Here’s an implementation-free description of a simple version of the Google PageRank algorithm. This is the version of the PageRank algorithm which you will use in your assignment. Don’t be alarmed. Read it carefully. This is surprisingly and pleasantly easy:
- Let W be a set of webpages (a web) of size n.
- Let G be a square connectivity matrix. A connectivity matrix is a square matrix of 0s and 1s used to represent the connections in a graph (or web). If there is a hyperlink from page j to page i, there is a 1 at location [i][j]. If there is no link from page j to page i, then there is a 0 at location [i][j].

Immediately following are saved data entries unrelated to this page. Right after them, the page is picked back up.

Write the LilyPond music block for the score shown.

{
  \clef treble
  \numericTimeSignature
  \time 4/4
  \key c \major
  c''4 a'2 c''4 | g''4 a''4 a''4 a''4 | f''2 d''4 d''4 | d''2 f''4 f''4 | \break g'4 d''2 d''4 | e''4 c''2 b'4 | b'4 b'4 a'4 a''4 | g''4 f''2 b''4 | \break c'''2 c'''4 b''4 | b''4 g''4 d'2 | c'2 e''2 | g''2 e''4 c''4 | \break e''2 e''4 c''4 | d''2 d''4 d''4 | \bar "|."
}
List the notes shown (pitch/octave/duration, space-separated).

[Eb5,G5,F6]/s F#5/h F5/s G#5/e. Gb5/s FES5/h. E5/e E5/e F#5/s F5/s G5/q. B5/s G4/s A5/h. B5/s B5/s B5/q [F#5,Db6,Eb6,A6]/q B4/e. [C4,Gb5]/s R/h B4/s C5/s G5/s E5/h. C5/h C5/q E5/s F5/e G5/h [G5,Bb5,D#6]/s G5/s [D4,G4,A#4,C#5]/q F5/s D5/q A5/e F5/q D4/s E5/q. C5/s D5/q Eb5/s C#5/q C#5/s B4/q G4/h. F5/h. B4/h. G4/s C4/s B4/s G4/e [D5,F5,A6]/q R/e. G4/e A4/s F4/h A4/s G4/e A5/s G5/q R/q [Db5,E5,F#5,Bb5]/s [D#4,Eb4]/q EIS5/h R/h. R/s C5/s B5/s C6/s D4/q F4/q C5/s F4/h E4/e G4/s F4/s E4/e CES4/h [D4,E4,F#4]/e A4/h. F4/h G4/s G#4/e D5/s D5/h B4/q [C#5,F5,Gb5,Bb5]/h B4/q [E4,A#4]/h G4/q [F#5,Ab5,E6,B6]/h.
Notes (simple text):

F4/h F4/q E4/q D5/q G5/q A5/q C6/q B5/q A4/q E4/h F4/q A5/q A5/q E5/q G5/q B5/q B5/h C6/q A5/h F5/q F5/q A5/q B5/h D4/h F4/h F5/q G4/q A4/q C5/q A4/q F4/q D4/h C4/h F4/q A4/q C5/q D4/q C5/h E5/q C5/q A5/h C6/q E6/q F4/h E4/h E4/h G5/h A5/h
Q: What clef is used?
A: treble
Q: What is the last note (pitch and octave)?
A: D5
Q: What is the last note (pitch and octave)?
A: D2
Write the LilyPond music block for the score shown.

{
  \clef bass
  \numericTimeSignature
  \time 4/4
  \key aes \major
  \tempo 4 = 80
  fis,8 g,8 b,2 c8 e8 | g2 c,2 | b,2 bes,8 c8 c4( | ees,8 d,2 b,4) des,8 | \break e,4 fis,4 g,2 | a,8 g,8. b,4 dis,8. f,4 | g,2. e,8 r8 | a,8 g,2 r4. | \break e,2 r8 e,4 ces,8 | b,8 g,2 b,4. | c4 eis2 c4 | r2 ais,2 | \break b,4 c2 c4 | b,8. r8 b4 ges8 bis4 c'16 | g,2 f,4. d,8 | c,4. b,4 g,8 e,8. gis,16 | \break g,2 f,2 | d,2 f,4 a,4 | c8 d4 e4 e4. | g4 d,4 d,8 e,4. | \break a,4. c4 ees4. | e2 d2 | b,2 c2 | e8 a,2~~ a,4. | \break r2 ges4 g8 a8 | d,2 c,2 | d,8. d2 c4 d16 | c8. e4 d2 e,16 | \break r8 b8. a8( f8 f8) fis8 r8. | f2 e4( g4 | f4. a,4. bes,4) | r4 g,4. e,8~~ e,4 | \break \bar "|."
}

- Suppose we have a tiny web W of 4 pages: A, B, C, and D, and apart from page D which has no links to it or from it, each page contains one link to each of the other pages, but not to itself. That is, page A contains a link to page B, and to page C, but not to page A or to page D. Page B contains a link to page A, and to page C, but not to page B or page D. And so on. We say that the jth column of the connectivity matrix contains the outbound links from page j. Our connectivity matrix will look like this:
G= a b c d
a 0 1 1 0
b 1 0 1 0
c 1 1 0 0
d 0 0 0 0
- Let’s define the importance of each page by the importance of the pages that link to it. (Hey wait, that sounds a little like recursion!). If we do this, we can use the connectivity matrix as a starting point for determining the relative importance of each page in our web. Note that a typical connectivity matrix G is probably very big (how many billions (trillions) of web pages are there these days), but very sparse (lots of zeros). Its jth column shows the links on the jth page, and the total number of nonzero entries in the entire matrix is the total number of links in our web W.
- We can define ri and cj to be the row and column sums of G respectively. These quantities are the in-degree and out-degree. The in-degree is the number of pages that have links to our ith page, and the out-degree is the number of links on our jth page to other pages.
- Take a break and this about this. This is neat. There’s a lot of math in search engines, and there’s some pretty interesting vocabulary involved. We’re using matrices. We’re using a special kind of matrix called a con- nectivity matrix which is all zeros and ones. The matrix can be sparse, and has row and column sums. The sum of 1s in a row is the in-degree because it is a count of the links to the page at row i. The sum of 1s in a column is the out-degree because it is the number of links out from the page at column j.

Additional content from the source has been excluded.